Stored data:

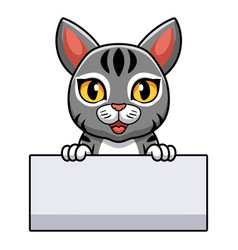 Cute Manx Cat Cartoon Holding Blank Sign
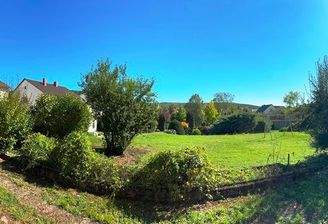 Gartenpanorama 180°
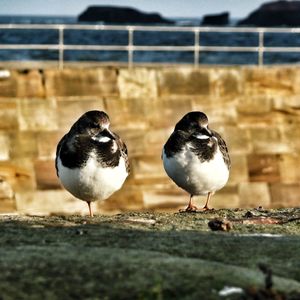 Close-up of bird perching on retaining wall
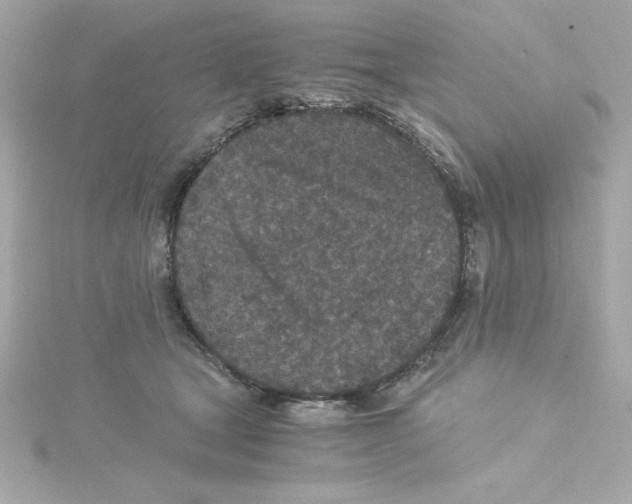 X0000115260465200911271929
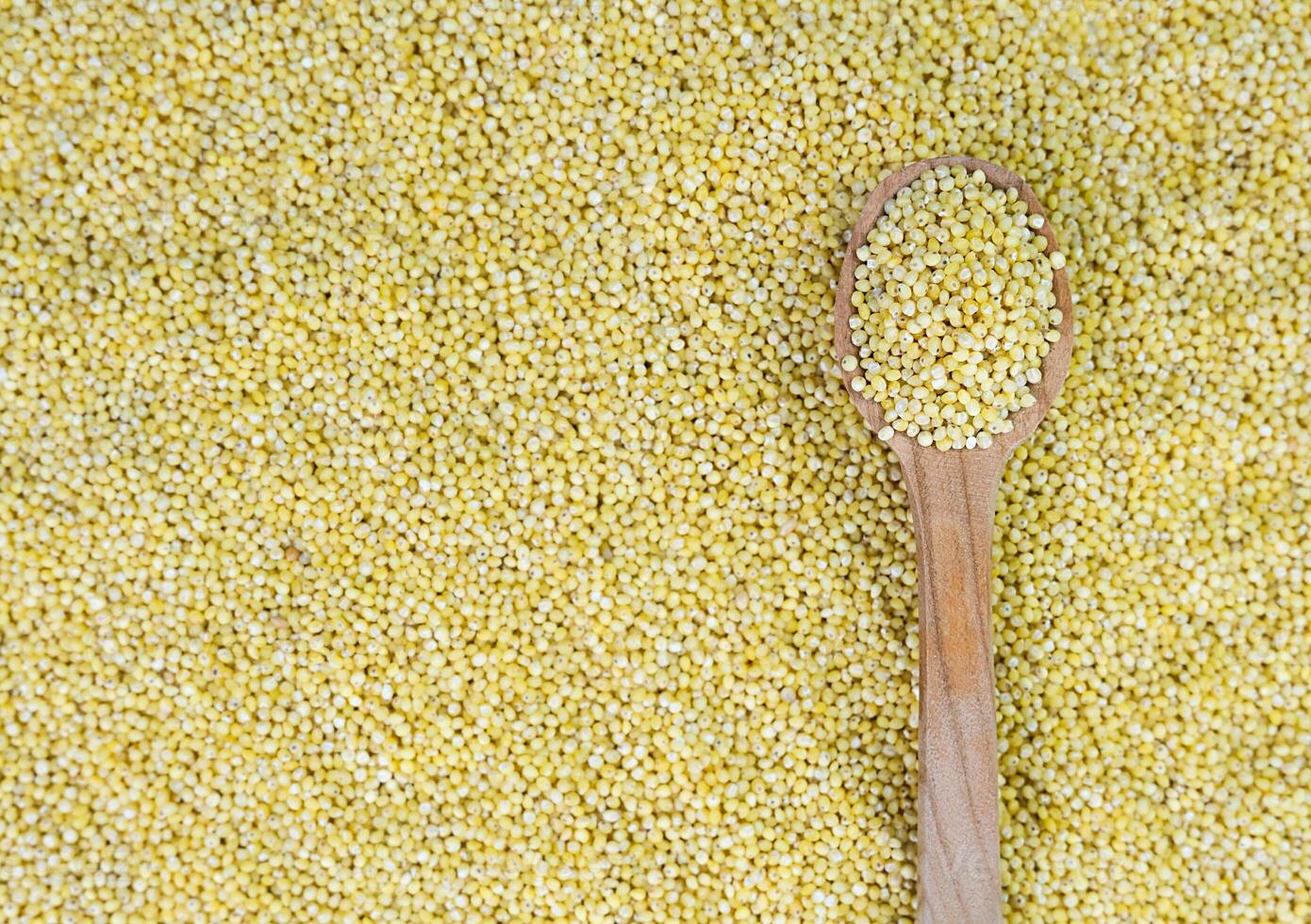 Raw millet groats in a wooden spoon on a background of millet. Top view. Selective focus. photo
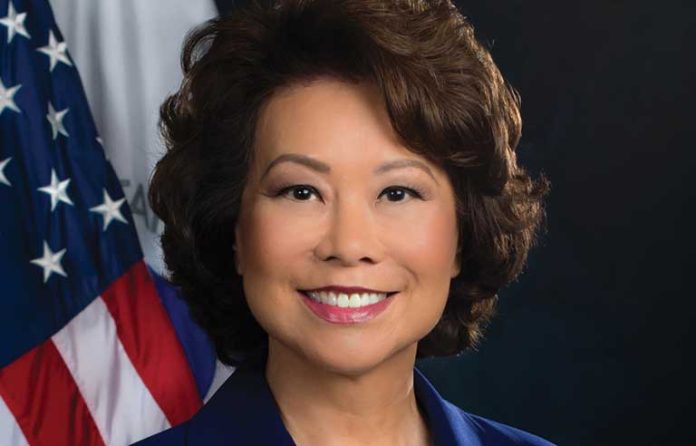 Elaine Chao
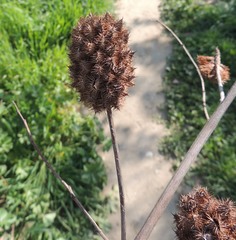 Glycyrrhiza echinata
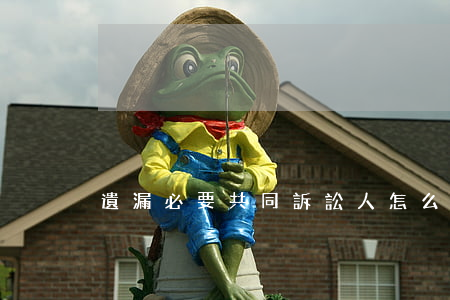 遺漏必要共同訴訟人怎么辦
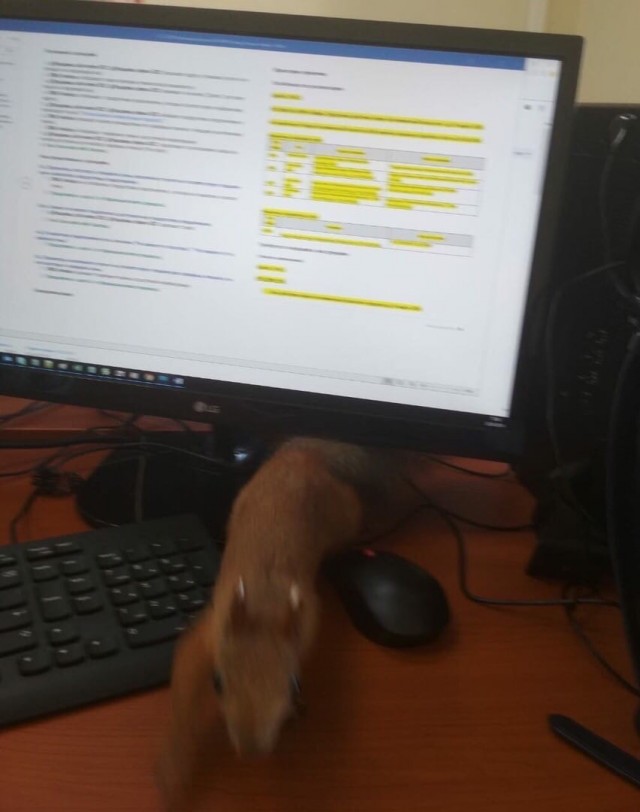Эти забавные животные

BRIEF:
Your answer must be an exact copy of the records, free of images.

ANSWER SPACE:
 Cute Manx Cat Cartoon Holding Blank Sign
 Gartenpanorama 180°
 Close-up of bird perching on retaining wall
 X0000115260465200911271929
 Raw millet groats in a wooden spoon on a background of millet. Top view. Selective focus. photo
 Elaine Chao
 Glycyrrhiza echinata
 遺漏必要共同訴訟人怎么辦
Эти забавные животные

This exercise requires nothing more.